Clementi’s sonata is 
                a fascinating, if flawed, piece. Its 
                brief first movement – marked largo 
                patetico e sostenuto – functions 
                like an overture. The music is densely 
                chordal, with a largely descending melodic 
                shape that finishes with a sense of 
                promising more than it has yet delivered 
                – at which point we are presumably intended 
                to imagine the raising of the curtain 
                in this mental theatre. The ensuing 
                allegro is by turns gently melancholy 
                and passionately disturbed, surely intended 
                as a musical representation of the conflicting 
                passions in the mind of the abandoned 
                queen as she moves to understand what 
                has happened to her and moves, of course, 
                towards eventual suicide. There’s a 
                discontinuity to the music in this movement, 
                an abruptness which doesn’t always satisfy 
                but for which one can see Clementi’s 
                reasoning. The adagio dolente which 
                follows is thoughtful and elegiac, harmonically 
                quite adventurous and full of sustained 
                pedal work which produces some quite 
                beautiful effects in this recording. 

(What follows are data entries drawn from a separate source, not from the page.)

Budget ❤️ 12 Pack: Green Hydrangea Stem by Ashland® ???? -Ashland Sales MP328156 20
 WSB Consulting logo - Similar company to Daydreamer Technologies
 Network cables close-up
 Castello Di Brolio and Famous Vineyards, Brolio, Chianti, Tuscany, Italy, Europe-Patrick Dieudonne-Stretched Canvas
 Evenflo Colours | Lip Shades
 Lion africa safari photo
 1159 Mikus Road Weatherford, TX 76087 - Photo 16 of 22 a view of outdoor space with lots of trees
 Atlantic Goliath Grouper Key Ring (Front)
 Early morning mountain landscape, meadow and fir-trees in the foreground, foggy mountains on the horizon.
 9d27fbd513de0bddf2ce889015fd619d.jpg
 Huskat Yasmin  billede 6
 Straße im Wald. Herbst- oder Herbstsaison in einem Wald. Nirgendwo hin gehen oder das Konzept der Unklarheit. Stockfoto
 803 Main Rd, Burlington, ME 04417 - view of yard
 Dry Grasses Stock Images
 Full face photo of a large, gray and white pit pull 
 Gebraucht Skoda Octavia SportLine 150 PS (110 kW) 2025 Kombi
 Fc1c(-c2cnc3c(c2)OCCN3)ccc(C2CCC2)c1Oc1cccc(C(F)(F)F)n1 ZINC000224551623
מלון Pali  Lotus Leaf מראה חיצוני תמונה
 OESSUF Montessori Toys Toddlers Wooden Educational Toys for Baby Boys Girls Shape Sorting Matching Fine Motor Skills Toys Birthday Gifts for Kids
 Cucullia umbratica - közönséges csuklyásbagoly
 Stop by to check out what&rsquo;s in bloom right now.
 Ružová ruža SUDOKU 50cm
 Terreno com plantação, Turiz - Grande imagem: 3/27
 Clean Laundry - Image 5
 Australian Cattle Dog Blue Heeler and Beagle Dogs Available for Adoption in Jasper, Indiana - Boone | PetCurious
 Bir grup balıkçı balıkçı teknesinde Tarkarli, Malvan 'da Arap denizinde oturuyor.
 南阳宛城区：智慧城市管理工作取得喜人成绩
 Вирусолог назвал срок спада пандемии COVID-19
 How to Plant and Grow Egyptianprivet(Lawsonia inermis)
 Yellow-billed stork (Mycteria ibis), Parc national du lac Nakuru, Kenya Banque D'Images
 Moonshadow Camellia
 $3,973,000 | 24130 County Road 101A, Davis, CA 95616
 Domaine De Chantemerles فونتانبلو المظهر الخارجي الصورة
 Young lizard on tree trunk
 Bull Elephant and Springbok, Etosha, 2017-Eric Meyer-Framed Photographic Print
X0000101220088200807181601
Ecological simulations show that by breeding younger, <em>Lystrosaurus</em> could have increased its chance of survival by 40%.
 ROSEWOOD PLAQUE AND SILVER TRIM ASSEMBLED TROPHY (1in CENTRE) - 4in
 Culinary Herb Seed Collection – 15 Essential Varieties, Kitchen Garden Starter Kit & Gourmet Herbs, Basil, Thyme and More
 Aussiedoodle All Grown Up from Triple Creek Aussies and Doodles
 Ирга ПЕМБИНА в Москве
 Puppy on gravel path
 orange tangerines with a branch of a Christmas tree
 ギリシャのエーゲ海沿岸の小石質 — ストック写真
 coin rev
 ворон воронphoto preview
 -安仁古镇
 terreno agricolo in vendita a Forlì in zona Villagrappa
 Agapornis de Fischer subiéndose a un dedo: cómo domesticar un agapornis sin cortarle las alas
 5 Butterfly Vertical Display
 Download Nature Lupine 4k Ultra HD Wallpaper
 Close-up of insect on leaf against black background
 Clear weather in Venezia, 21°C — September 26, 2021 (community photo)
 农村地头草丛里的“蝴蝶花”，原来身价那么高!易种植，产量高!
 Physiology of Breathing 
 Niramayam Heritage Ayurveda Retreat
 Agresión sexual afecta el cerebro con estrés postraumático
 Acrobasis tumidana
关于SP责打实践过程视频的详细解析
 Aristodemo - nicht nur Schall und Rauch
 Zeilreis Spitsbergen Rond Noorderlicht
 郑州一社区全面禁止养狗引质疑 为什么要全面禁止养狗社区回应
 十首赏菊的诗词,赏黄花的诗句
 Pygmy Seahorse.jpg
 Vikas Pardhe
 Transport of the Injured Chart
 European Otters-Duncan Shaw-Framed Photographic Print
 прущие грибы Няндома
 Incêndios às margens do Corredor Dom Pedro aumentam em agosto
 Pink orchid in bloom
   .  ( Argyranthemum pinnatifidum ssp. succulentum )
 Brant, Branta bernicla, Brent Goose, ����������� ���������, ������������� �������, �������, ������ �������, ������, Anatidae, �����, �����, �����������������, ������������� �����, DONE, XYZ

                The final allegro (allegro agitato 
                e con disperazione it is marked) 
                is powerful stuff, expressive of Dido’s 
                inner rage and also, it seems to me, 
                of her final immolation. This is music 
                which clearly registers Clementi’s familiarity 
                with Beethoven’s piano sonatas, though 
                the comparison – inevitably – doesn’t 
                really do him any favours. But the fact 
                that the music falls short of Beethoven 
                (what doesn’t?) is no reason to deny 
                that it has real qualities of its own 
                and is well worth getting to know. Richard 
                Burnett plays it with sympathy and evident 
                understanding. I mean no disrespect 
                to him, however, if I say that I would 
                like to hear a seriously top-class pianist 
                tackle this piece. It could fit very 
                interestingly into the right recital 
                programme. 
              
 
              
The other half of Burnett’s 
                programme consists of twelve short ‘Monferrinas’, 
                altogether slighter and far less demanding 
                technically. The Monferrina is a dance 
                in 6/8 time originating in the region 
                of Monferrato (sometimes referred to 
                as Montferrat in the English speaking 
                world) in Piedmont – where, incidentally, 
                some of the best spumante also originates; 
                the dance had something of a vogue in 
                early nineteenth-century London, where 
                it was sometimes known as the monfreda 
                or monfrina. Some listeners may be familiar 
                with Hummel’s Op.54 Variations for cello 
                and piano ‘Alla Monferina’. These twelve 
                examples by Clementi (the longest is 
                three and a quarter minutes long, the 
                shortest only one minute and twelve 
                seconds) are essentially parlour pieces. 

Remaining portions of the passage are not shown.